In einem Spartrafo wird ein Teil der Leistung induktiv, der Rest 
galvanisch übertragen.


"In der "Ausgangswicklung" fliesst ein höherer Strom als
vorgesehen, in der oberen Hälfte weniger..."

Sehe ich anders: in den beiden PrimärSpulen fließt nahezu der selbe 
Strom(genaugenommen muss die "obere" Spule zusätzlich die Eisenverluste 
"stemmen".)

Nebenbei: Man kann die 12V-Wicklung auch verwenden, um die 115V nach 
unten (115-12=103) oder nach oben (115+12=127) zu korrigieren (je nach 
Polarität). Das geht dann aber auf (geringe) Kosten des max. Stromes.

Die 115V am Ausgang werden nur im Leerlauf (=ohne Belastung) erreicht, 
bei Belastung kann die Korrektur von 6 oder 12V den Verlust ausgleichen.
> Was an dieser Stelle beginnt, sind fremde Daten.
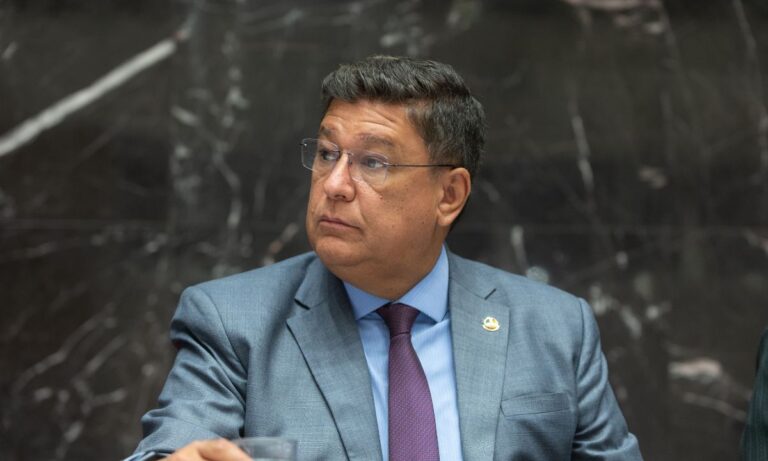 O senador Carlos Viana.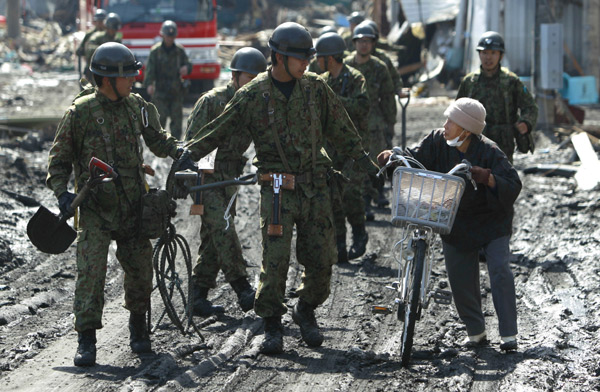 Japan begins to dig for dead amid devastation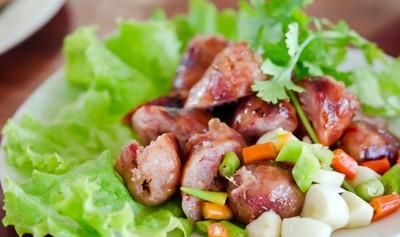 紫苏叶包烤五花肉好还是生菜包好图4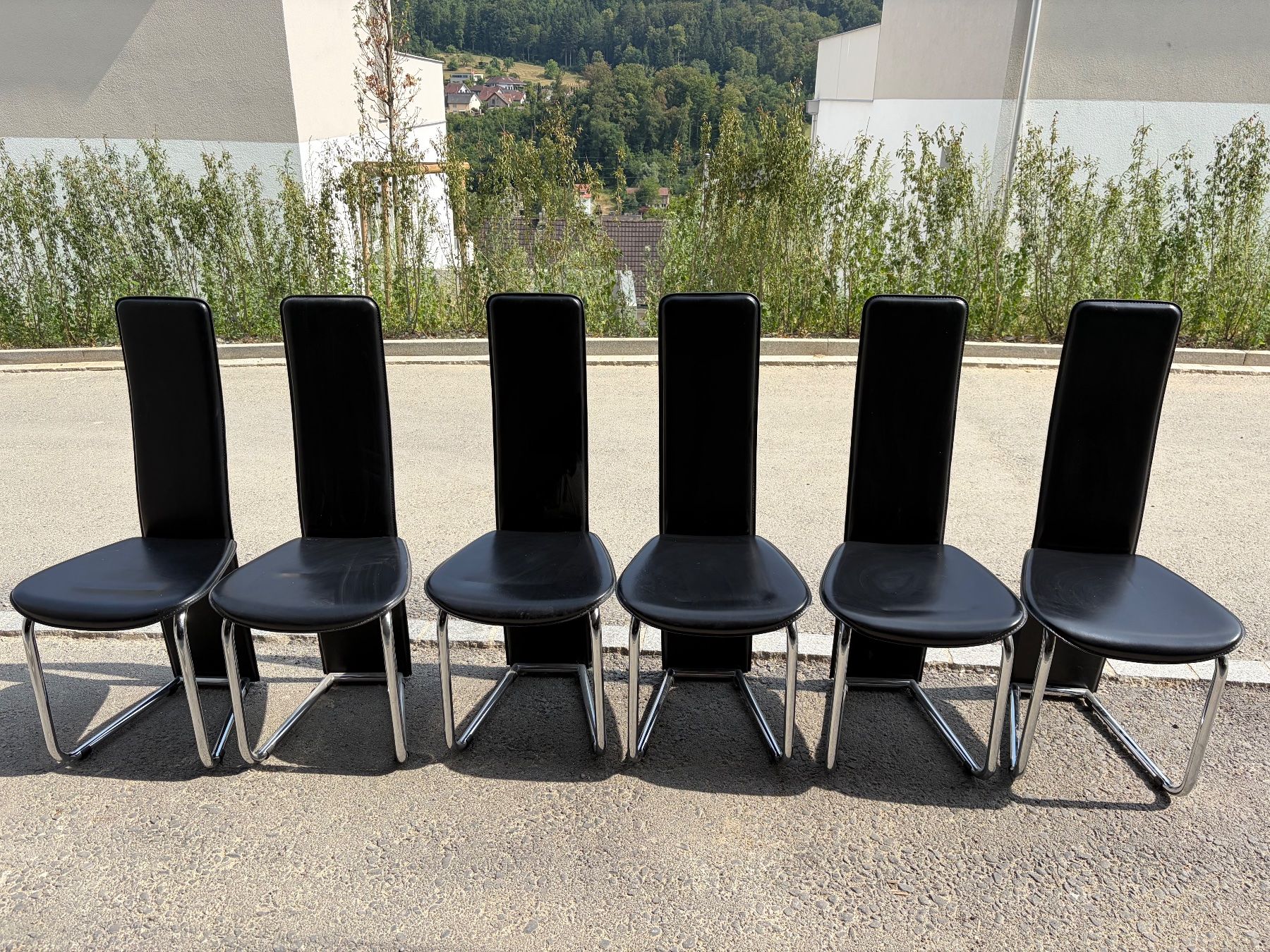 Chaises: 6 Esstisch-Stühle Echtleder schwarz – D'occasion à Grellingen par kar_xl78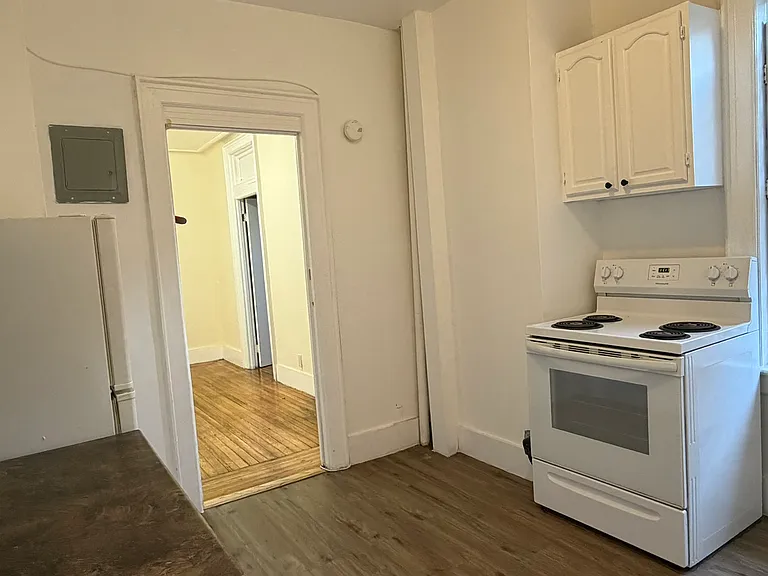 29-06 38th Ave #D — Photo 1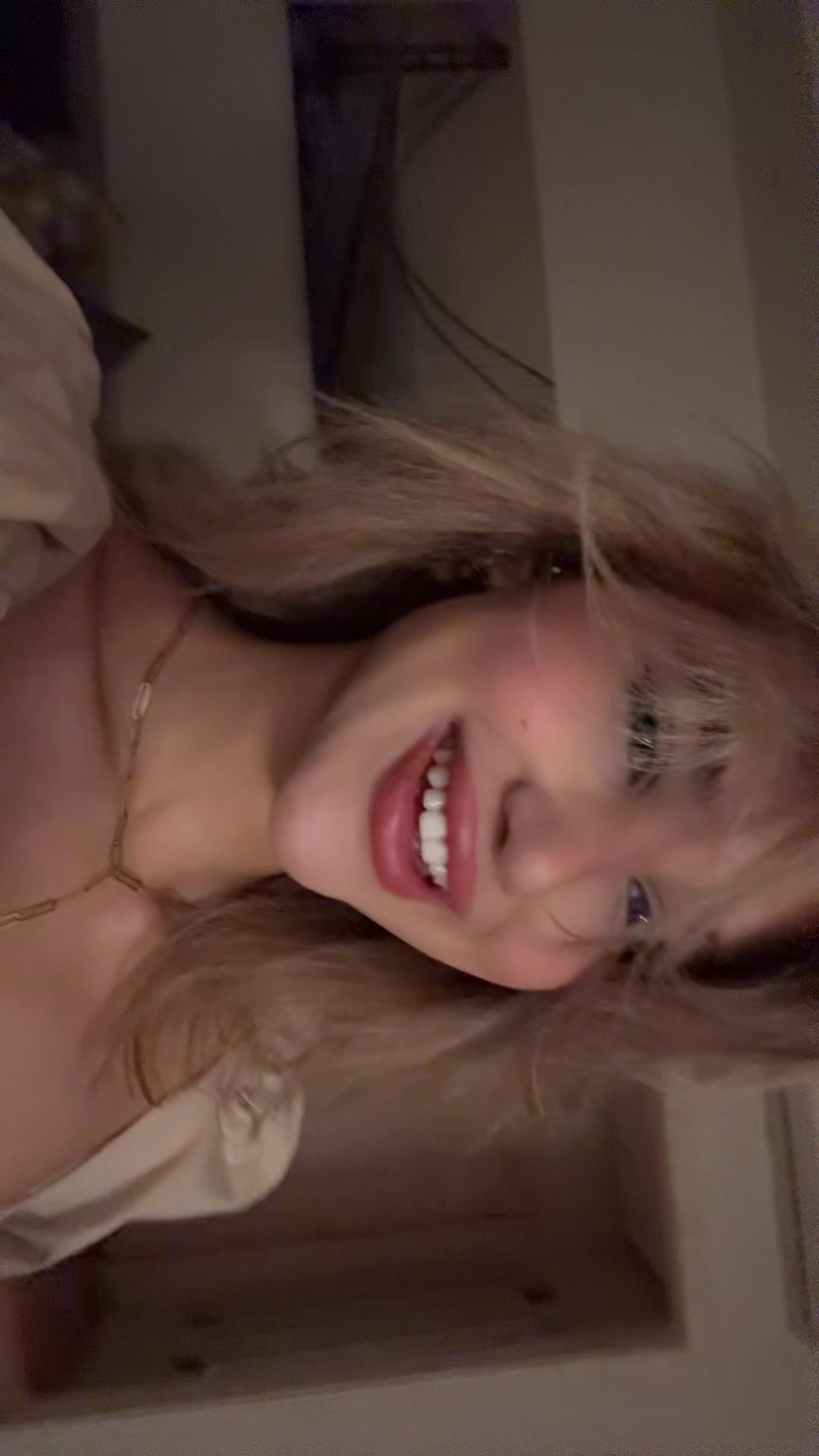@elena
Nochmal zum Mitrechnen: der Nennstrom der Primärwicklung ist 
100VA/230V=0,435A. Diese fließen, wenn dem Kern 100VA entnommen werden.
Die Entnahme findet jedoch in diesem Fall nicht auf der 12V-Wicklung, 
sondern auf der "unteren" Primärwicklung statt, d.h. diese liefert 
435mA, zu denen sich die 435mA der oberen Wicklung addieren (Richtung 
der Vektoren beachten!).

Also kann ein Strom von 870mA am Mittelpunkt entnommen werden.
870mA*230V=200VA.

Wenn die 12V-Wicklung unbelastet ist, trägt sie nicht zur Erwärmung des 
Trafos bei, man kann deshalb sogar etwas mehr als 200VA entnehmen, sagen 
wir mal 220 - 240VA.

Nebenbei: die Belastung eines Trafos gilt nur für sinusförmigen Strom. 
Ist der Strom z.B. durch einen nachgeschalteten Gleichrichter + 
Glättungskondensator pulsartig (C wird nur in der Sinusspitze 
nachgeladen = kleiner Stromflusswinkel, dafür fließt kurzzeitig ein sehr 
hoher Strom), müssen ca. 20-30% von der Nennleistung abgezogen werden.

Ist jemand noch anderer Meinung?

Autor: H.Joachim Seifert (crazyhorse)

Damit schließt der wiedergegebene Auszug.